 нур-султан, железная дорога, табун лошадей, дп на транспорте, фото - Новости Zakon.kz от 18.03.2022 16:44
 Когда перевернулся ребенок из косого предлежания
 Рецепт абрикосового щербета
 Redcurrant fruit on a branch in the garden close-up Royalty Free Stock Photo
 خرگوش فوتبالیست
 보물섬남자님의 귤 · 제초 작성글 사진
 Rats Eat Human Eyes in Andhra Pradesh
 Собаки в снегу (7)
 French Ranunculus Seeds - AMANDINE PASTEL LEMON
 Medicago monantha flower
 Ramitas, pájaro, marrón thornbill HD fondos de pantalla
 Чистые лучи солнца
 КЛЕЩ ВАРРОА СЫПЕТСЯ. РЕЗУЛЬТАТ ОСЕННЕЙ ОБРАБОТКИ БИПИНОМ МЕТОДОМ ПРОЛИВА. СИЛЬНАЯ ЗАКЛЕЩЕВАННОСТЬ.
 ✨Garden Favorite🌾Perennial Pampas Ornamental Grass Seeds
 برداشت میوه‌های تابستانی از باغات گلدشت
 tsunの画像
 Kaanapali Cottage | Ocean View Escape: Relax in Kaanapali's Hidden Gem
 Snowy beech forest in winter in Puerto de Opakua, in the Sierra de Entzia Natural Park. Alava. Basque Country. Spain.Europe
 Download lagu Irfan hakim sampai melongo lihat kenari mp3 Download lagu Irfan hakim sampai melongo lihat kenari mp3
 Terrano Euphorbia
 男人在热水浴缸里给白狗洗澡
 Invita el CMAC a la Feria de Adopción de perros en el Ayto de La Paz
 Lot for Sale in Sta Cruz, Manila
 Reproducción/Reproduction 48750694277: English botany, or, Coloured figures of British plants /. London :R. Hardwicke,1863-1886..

—————

* **Work request**
There is a line with "خرگوش فوتبالیست" and a line with "Чистые лучи солнца" above. Copy exactly those two lines and all lines between them, with nothing else.

* **Solution to this problem**
 خرگوش فوتبالیست
 보물섬남자님의 귤 · 제초 작성글 사진
 Rats Eat Human Eyes in Andhra Pradesh
 Собаки в снегу (7)
 French Ranunculus Seeds - AMANDINE PASTEL LEMON
 Medicago monantha flower
 Ramitas, pájaro, marrón thornbill HD fondos de pantalla
 Чистые лучи солнца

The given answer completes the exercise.